(Data section Opens)
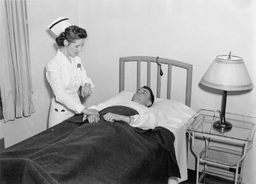 Nurse attending to Soldier in Infirmary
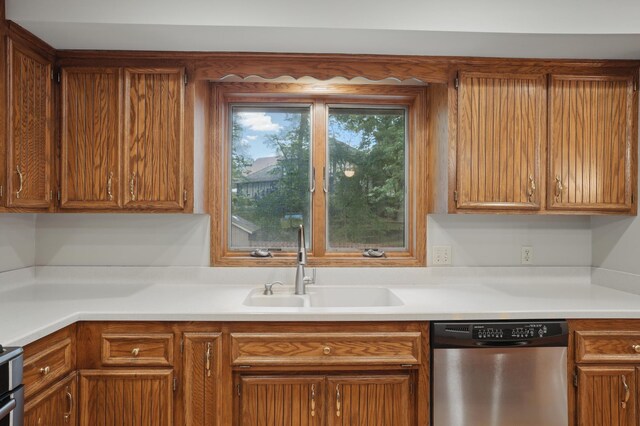 8681 144th Street Ct, Apple Valley, MN 55124 - kitchen featuring dishwasher, a sink, light countertops, and brown cabinets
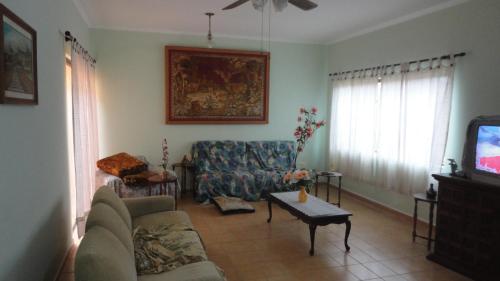 uma sala de estar com um sofá e uma televisão em Casa 200m da praia 3 dorm. p/ 12 pessoas em Peruíbe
(Data section Closes)
(Exercise details) Repeat the material line for line. Pictures stay out of the copy.

(Problem solution)
 Nurse attending to Soldier in Infirmary
 8681 144th Street Ct, Apple Valley, MN 55124 - kitchen featuring dishwasher, a sink, light countertops, and brown cabinets
 uma sala de estar com um sofá e uma televisão em Casa 200m da praia 3 dorm. p/ 12 pessoas em Peruíbe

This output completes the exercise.